Issue 1: No objection.
Issue 2: Use of cookie "id" in the user portion of the address was suggested. Call-id usage was rejected for several reasons.
Issue 3: Use of PUBLISH and REFER to the queue state was recommended but didn't get clear consensus, list discussion needed.

Call Park/Pickup

[Slide] [Draft]

Discussion:

Issue 1: Loss of “Orbit” parameter when you rewrite to a target. (Loose-route or Target header would resolve the issue.)
Issue 2: Identifying a parked call (require parked call explicit identifier?)
Issue 3: Subscription forking (GRUU would help, but not sure we need to do anything)
Issue 4: Orbit collision (two distinct UAs picking same orbit)

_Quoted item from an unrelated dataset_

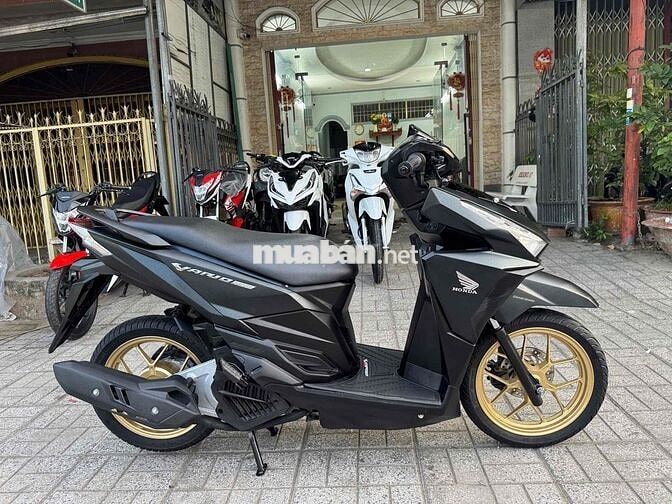 Honda Vario 150 2018 xe đẹp máy zin bao hồ sơ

Orbit Colission (Issue 4) is the only remaining major issue.
Author believes the document is pretty solid and almost complete.

Conclusion:

For issue 1 design team is open to an alternative solution.
Need reviewers of the draft.

MLA

[Slide] [Draft]

Discussion:

Major changes since 00.
Defined 3 elements extending the dialog package. <appearance>,<exclusive> and <joined-dialog>

Issue 1. Appearance Selection: There are race conditions, and some proposals violate RFC 3265. To resolve this now suggesting using a publish only mechanism.

Issue 2. Appearance Element Attribute Issue: Nice optimization, but don’t really fit wth PUBLISH.
Issue 3. Dialog Package ID Issue: Could have collisions in the event state compositor.

Issue 4. Multiple Approaches Issue: Multiple approaches to multiple appearances. Current approach in the document is that Servers can use either approach, and UAs can solve either.

Conclusion:

Issue 1: No conclusion on what to use for this. Chair took a hum on how people feel about the use of PUBLISH for this purpose, this was inconclusive as well.
Issue 2: Will likely to remove the text.
Issue 3: Whether approach needs to be changed or fix is needed
Issue 4: No conclusion.

Adopting the document as WG item: Yes.

 

 

Original Notes

Agenda Bash

[Slide]

Notes by Spencer

Ok as is.

Notes by James

No agenda bashing…

Milestones do need updating.

Have formed design team for each of the milestones, with 7-13 members and weekly design team meetings. Expect this to continue after IETF 71.

SIP Service Guide

[Slide] [Draft]

Notes by Spencer

SIP Services Draft: brief overview combined with a question about how many people had read it (5-10). Also asked who found it useful, and what we should do with it.

John Elwell: Useful, but not clear how much new information, therefore not completely clear what to do with it.

Mary Barnes: strong overlap with SIPPING guide, and therefore not really a need to do this here. May be out of scope.

Jonathan Rosenberg. This is a useful collection of information as input into Bliss design teams. May not survive in the long term, but a useful working tool for the BLISS design teams.

Christof? Good input and something that is required by the design teams.

Notes by James

Thomas Fromont presenting – the goal here is to narrow down the number of names, since there are 5 names for just about every service (not to standardize complete services).

Ideally, this draft would be input to design teams (now) and go into a “BLISS hitchhiker’s guide” later, but it’s kind of late to be input to design teams. Mary Barnes also pointed out that this overlaps documents produced by SIP WG.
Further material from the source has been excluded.